I’m writing in response to the article (Journal, Feb. 23) about Ryan Zinke’s proposal to move more Interior Department administration to locations in the western states.

As a citizen-owner of the public lands in question, and as someone that this article might identify as a Westerner who has “long argued federal land managers should be closer to the land they oversee,” this move sounds like a good idea on its surface.

However, the author reveals by the next sentence that under the Trump administration, I have “a powerful ally” in Zinke, who is “leading … Trump’s charge to roll back environmental regulations and encourage energy development on public land.”

Thank you, Associated Press – I nearly choked on some populist fervor. The Westerners in question, of course, are oil and gas, mining companies, the commercial meatpacking industry and various other heavy feeders. It seems likely to me that a BLM move would be a form of gerrymandering, designed to reduce the influence of urban voters on land management and increase the influence of industry on land management.
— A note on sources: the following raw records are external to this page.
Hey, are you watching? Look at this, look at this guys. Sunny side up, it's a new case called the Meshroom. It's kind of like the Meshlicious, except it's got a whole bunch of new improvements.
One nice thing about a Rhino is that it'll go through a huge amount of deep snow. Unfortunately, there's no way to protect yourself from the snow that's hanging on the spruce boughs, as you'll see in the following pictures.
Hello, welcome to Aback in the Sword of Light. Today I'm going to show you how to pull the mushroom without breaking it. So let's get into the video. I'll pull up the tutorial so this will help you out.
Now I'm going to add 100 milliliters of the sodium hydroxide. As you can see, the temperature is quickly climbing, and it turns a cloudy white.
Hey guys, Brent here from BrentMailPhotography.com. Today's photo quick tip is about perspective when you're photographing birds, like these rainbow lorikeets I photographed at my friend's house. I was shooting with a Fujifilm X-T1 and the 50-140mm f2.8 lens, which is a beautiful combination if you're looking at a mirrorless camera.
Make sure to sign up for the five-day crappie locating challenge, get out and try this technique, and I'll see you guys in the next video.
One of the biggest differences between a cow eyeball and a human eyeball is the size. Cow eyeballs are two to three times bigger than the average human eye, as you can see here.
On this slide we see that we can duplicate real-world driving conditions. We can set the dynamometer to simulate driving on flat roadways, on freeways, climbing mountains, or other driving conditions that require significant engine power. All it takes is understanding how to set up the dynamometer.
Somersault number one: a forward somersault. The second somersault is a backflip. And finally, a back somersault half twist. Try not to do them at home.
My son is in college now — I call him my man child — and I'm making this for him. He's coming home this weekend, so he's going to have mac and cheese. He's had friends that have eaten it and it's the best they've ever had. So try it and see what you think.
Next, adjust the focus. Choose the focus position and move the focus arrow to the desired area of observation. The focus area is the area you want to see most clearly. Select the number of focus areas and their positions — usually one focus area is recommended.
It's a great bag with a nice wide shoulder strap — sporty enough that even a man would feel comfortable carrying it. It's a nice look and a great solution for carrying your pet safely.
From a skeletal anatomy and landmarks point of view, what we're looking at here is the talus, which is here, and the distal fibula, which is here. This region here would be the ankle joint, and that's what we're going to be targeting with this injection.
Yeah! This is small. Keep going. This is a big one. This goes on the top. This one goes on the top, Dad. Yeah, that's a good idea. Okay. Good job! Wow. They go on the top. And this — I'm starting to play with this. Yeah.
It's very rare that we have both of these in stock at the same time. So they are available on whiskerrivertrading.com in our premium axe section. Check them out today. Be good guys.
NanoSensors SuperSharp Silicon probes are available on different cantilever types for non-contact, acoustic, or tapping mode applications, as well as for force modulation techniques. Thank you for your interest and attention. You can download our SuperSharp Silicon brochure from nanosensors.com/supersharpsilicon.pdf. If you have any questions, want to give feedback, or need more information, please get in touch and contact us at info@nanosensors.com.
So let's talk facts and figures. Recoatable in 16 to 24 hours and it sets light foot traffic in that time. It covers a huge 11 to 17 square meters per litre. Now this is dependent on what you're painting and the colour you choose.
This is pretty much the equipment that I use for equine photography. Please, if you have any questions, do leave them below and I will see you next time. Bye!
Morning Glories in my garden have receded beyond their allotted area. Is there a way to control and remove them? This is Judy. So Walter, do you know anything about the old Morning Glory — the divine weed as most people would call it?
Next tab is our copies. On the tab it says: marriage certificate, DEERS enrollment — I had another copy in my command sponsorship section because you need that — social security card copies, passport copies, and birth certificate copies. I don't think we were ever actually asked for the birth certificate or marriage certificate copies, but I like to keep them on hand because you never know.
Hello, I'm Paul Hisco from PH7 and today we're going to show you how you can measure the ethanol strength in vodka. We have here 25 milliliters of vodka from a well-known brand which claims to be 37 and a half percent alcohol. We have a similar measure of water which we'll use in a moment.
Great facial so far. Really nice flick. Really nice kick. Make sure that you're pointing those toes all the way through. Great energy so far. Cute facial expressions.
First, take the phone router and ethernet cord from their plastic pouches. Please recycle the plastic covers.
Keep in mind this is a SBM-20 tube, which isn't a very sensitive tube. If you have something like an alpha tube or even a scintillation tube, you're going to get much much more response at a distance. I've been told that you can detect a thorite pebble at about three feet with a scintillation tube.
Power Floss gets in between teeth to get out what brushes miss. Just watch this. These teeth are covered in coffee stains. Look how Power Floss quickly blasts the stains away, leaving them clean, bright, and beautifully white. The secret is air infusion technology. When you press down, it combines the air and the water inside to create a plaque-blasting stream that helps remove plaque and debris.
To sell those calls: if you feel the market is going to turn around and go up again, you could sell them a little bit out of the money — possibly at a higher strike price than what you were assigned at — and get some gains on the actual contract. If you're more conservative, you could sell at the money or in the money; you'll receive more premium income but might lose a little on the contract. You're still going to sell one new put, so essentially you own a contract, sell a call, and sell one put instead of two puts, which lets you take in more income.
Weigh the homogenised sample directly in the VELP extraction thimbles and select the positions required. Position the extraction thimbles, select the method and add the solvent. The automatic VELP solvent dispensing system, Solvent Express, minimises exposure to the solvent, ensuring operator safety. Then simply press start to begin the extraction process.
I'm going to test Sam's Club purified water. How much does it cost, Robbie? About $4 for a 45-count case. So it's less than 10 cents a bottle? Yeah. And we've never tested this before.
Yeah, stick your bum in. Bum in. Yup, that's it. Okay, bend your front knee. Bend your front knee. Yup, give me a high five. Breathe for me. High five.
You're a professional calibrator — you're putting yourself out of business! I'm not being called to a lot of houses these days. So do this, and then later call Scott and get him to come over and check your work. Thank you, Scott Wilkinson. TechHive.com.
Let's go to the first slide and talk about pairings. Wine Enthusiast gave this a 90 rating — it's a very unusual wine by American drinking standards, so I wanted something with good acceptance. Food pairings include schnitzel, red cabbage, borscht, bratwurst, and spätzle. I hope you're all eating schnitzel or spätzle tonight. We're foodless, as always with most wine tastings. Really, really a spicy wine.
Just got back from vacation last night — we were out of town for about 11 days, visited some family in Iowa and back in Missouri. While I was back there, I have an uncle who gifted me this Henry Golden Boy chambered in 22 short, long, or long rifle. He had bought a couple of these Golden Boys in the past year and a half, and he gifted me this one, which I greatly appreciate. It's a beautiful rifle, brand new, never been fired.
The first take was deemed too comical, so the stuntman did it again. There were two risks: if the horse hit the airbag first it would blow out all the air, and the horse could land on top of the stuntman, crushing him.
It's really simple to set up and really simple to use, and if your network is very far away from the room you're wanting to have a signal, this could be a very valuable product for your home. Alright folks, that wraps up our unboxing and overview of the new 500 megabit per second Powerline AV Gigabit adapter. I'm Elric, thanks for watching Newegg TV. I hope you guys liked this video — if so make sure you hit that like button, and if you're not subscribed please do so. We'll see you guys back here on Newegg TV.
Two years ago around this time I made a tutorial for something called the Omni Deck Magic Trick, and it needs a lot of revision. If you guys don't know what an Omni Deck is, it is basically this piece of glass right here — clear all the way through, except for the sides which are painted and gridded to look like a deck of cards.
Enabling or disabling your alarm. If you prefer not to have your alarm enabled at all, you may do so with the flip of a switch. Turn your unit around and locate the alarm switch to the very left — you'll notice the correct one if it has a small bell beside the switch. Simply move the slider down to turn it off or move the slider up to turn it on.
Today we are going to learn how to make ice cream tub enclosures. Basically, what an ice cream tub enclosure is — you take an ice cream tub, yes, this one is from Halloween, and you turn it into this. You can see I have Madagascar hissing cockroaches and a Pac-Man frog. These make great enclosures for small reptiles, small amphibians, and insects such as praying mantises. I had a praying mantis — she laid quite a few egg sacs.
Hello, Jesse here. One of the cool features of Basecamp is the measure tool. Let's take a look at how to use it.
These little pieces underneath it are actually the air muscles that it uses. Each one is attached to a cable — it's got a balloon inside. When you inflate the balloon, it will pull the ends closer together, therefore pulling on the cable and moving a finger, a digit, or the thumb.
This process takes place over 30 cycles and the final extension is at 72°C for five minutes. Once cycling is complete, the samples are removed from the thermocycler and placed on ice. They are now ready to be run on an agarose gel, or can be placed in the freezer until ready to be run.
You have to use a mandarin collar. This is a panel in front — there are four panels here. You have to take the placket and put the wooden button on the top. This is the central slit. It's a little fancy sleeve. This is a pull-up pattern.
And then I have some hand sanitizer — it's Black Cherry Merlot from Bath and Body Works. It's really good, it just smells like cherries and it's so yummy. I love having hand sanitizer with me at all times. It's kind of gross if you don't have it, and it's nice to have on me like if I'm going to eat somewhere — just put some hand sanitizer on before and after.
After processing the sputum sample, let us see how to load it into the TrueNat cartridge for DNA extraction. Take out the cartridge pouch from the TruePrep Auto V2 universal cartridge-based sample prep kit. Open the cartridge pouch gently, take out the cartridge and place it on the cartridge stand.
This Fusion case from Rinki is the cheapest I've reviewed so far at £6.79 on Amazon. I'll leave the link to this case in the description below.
Perhaps a more appropriate location, then, for the BLM headquarters would be lower Manhattan, where current top-level administrators could be one less degree of separation from their real constituents, the investment banks.

The photo of Zinke is also telling, I think: It’s a dark, cloudy day at Bears Ears, but the secretary is wearing opaque blinders. As he rides, he looks down, turning his back on the sacred formations.